I have had so many emotions in the past 48 hours that I don’t know how to write them in order—or how to feel them. They’ve all blended together into one giant lump around my heart: Hope. Grief. Fear. Sorrow. Anger. Trust.
I suppose I’ll start there, because we trusted Peter Pettigrew when we shouldn’t have, and because of that, James and Lily Potter are dead. But also: Lord Voldemort is dead. He aimed the Killing Curse at the infant child Harry and somehow Lord Voldemort was killed instead. I’m not sure how it happened. It’s never happened before.
Professor Dumbledore knew right away, the way he knows everything, and left Hogwarts in the middle of the night. The rest of us learned later. I got a letter from Alice Longbottom, flown in by owl, more eloquent than anything I can write tonight. Her joy. The war was over. She could raise her son in peace. She wrote, at the end of the letter, that she didn’t know who was taking care of Harry. That she could, since there weren’t any other Potters. That she would write Professor Dumbledore right away.
Except she didn’t. I don’t think the owl knew; his eyes looked calm, when he delivered my letter. But it must not have been long after he left when the Death Eaters arrived.

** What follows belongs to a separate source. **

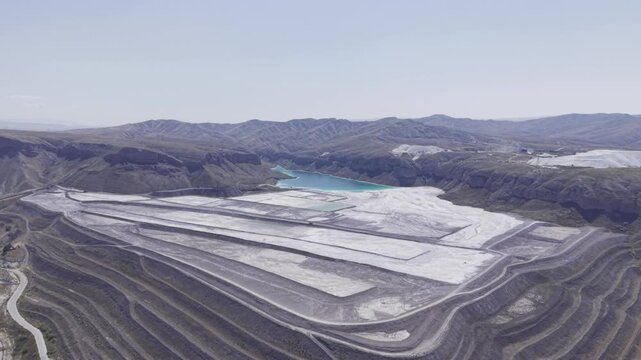 Drone Footage of Cayirhan Thermal Power Plant in Nallihan Ankara Turkey Showing Industrial Energy Infrastructure and Cooling Towers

That’s the part I still don’t understand. They lost. Their leader was killed. But they took and tortured Frank and Alice just because they could. Because the war was only over when they said it was—or, as it turned out, when the Aurors arrived.
It seems as if our wars are like the Muggle ones after all; they’re settled not by a single spell but slowly, on paper and in the courts. The Death Eaters will go to trial. The Longbottoms are at St. Mungo’s, unlikely to recover. Their baby is with his grandmother. I do not know where Harry Potter is.
But Professor Dumbledore does, and we must trust him. He told me that someday I would know everything that happened at Godric’s Hollow—and, in time, meet Harry myself.
“You might have to do it as a cat, though,” he said, and then he smiled. As if there were enough space in his heart, amidst everything else he must have been feeling, to find room for a smile. I know there isn’t yet any space in mine.